→ **WORK TO COMPLETE**
An exact, complete copy of the entries below is required, minus any pictures.

┌─ INPUT MATERIAL

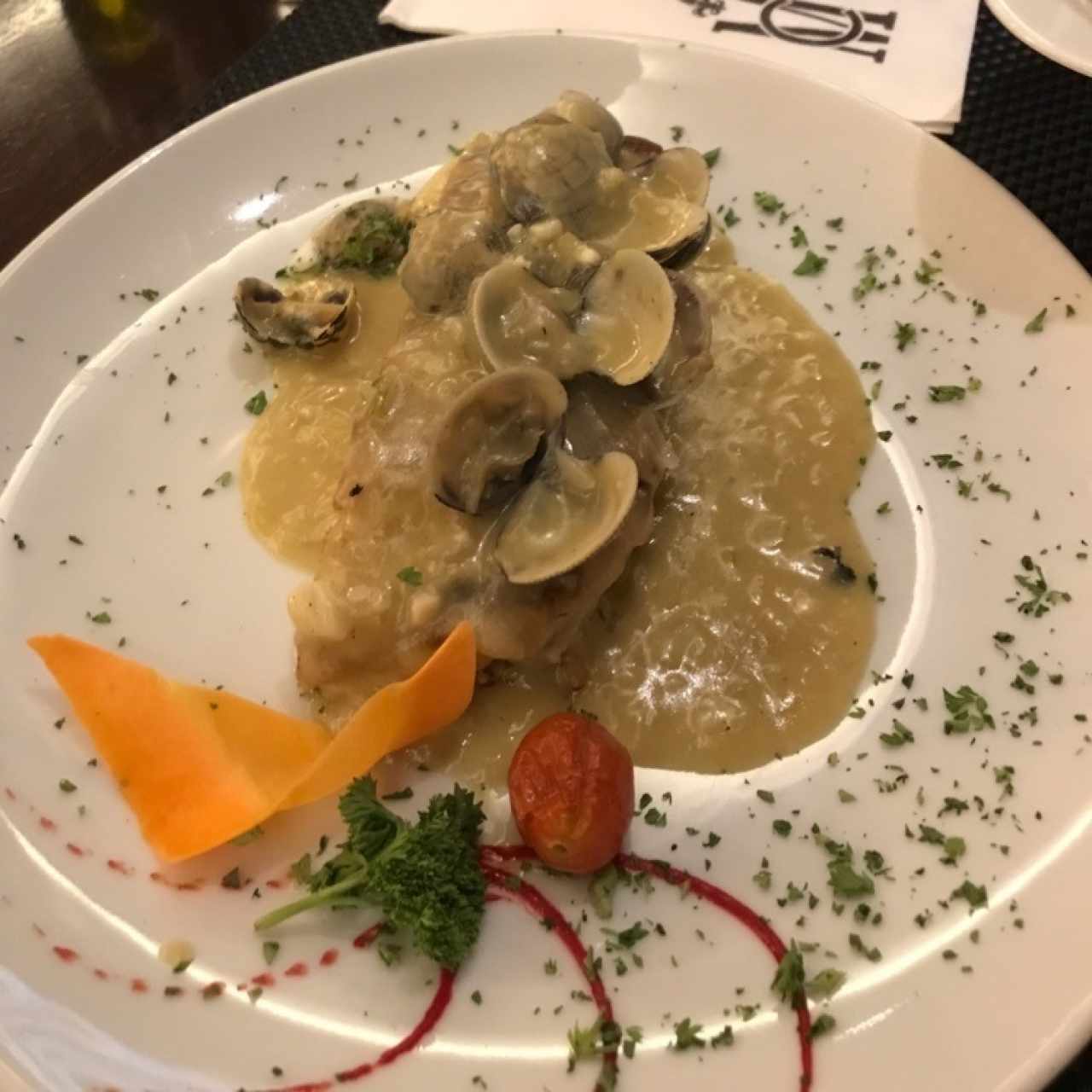Corvina con almejas tío Pepe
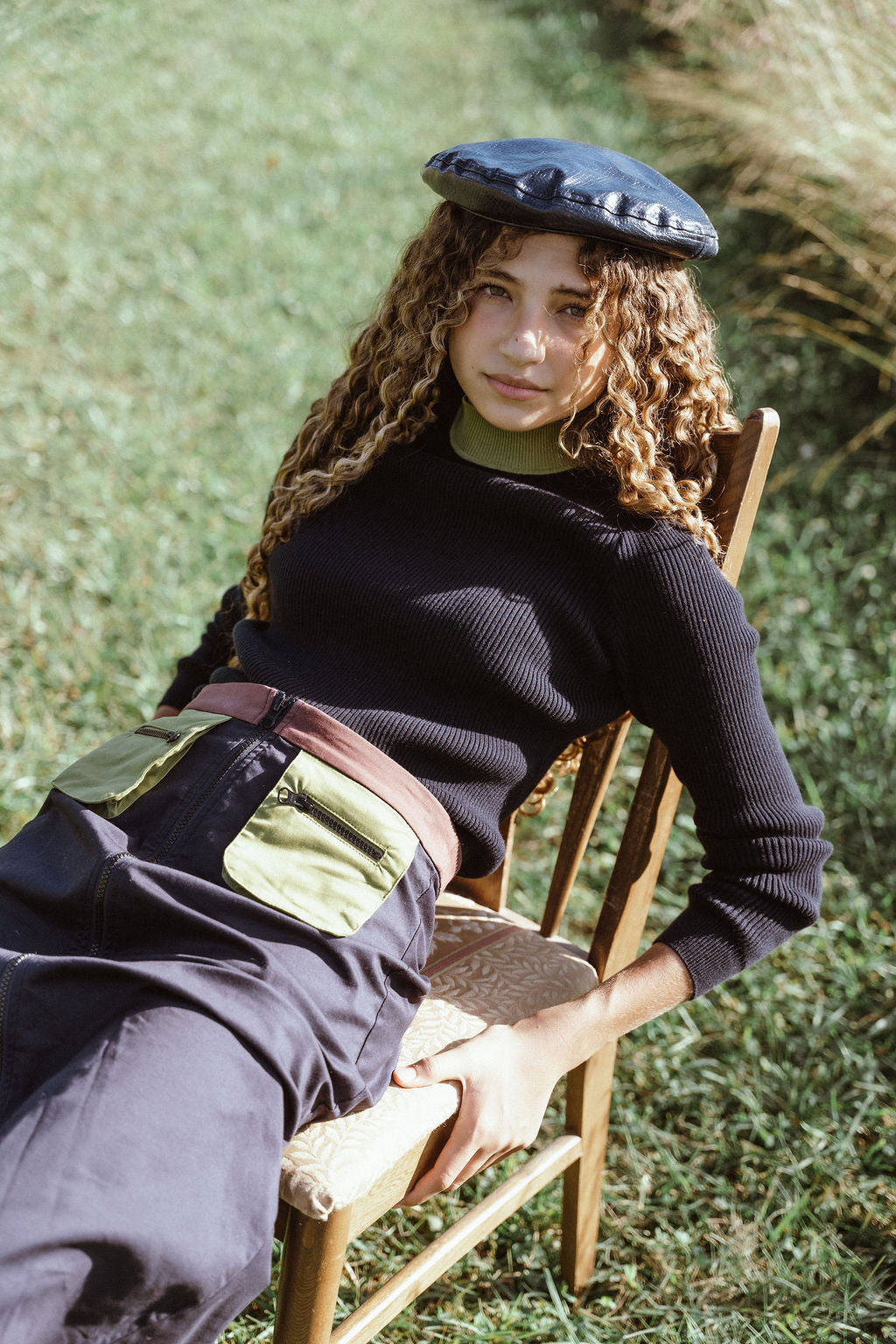 D942-NA - COLORBLOCK RIBBED MOCK NECK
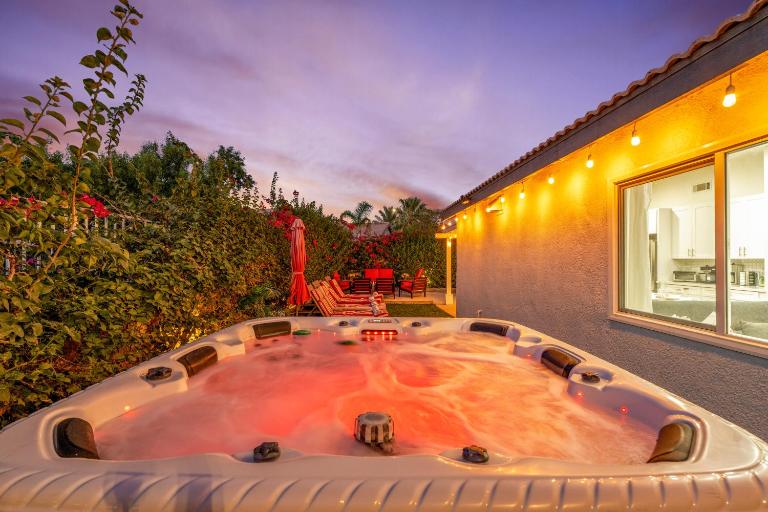 The Coachella Gem weekly discounts - B&B Coachella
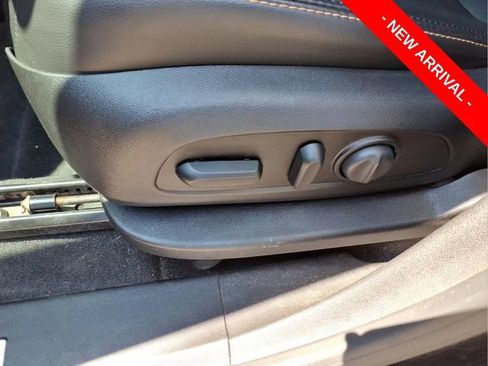 Used 2019 Chevrolet Equinox Premier FWD image 17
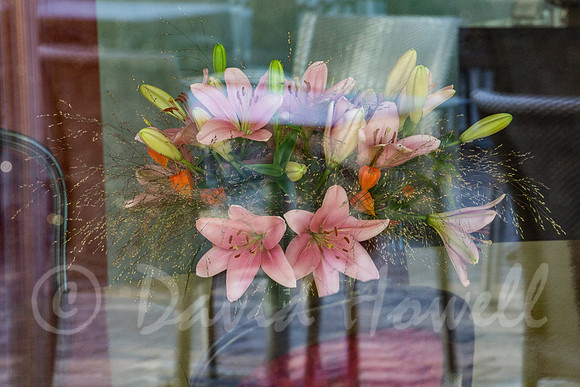 ©Howell_Switzerland_Zurich_reflection_on_a_cafe_bouquet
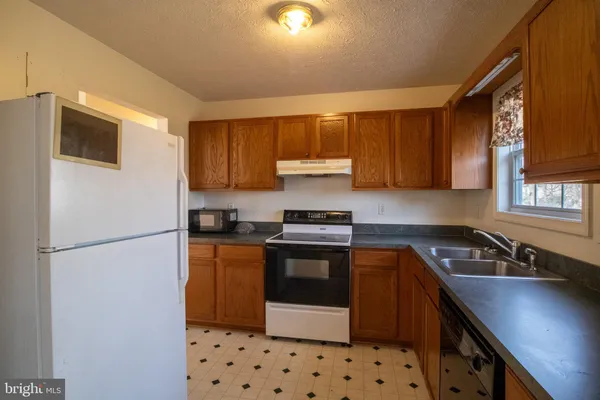 $332,000 | 140 Thoreau Drive, Inwood, WV 25428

└─

→ **REPLY TO THE EXERCISE**
Corvina con almejas tío Pepe
 D942-NA - COLORBLOCK RIBBED MOCK NECK
 The Coachella Gem weekly discounts - B&B Coachella
 Used 2019 Chevrolet Equinox Premier FWD image 17
 ©Howell_Switzerland_Zurich_reflection_on_a_cafe_bouquet
 $332,000 | 140 Thoreau Drive, Inwood, WV 25428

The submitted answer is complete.